RankingSEO is a Web-based app for SEO practitioners. I help redesign the experience of tracking keywords and comparing complex data.

My role
User research, prototyping, UX design, UI design
Results
Retention rate doubles
Increase of clients in news and media industry
Introduce UX mindset to the teams
Set the design principles for RankingSEO
Framing the problem

It all starts from a request - Users need a tag system.
But why? Why users need it and what do they want to achieve?

For an advanced SEO practitioner, chances are they need to track tons of different keywords at the same time. For one thing, they need a simple way to manage keywords. For another, a friendly dashboard to help them easily notice changes and compare data is needed. And these two were what RankingSEO fails to do.
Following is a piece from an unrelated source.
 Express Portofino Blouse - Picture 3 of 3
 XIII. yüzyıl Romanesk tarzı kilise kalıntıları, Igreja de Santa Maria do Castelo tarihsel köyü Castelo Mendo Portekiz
Behind the request of a tag system are the real user pain points, which are...

Pain point 1

Users found it difficult to manage keywords. The picture below is that they show me how they do it with Excel during user interview on google meet

Pain point 2

Users found it difficult to compare the data

Build & Align

To leverage our team’s knowledge, I decided to conduct a series of internal user studies with a powerful tool - paper cutouts UI.
With paper cutouts, a fun environment that is easy-to-exchange thoughts was set up in the process

After understanding our users’ goal and pain points, I drafted many different concepts UI cards, then cut them out and set up sessions with team members, where I asked them to redesign the information and data table. Those drafts served as triggers to make them think.

It was a huge success! Not only was it fun, I was able to see them think out loud in a user perspective. For example, everyone mentioned to improve the information hierarchy and how data sorting. I also learned from developer team what data would be hard to show.

Ideas are fully discussed and they also added new features with post-its. e.g. What if user can pin certain keywords so that they don’t need to filter it out all the time?

Test & Iterate

I took all my learnings from the paper cutout sessions with teams, then narrowed in on 3 main use cases for the following testing to validate the ideas.

After much discussion, main goals that we want users to achieve have become clearer. And these goals become the task scenarios in the following testing.

case 1 : tag & filter keywords

Here comes a task from your manager. In response to the company's goal for next month, he wants you to manipulate these 5 big data-related keywords and keep an eye on their performance, and finally export a report containing only these five words to him.

case 2 : pin the keywords (new)

Find out the keywords whose rankings are on the google first page and are improved compared to 30 days ago. And to easily track those words next time, you need to add them to the pin board.

case 3 : compare the data

You need to export all the keywords whose rankings are behind your main competitors A, C and E to your manager.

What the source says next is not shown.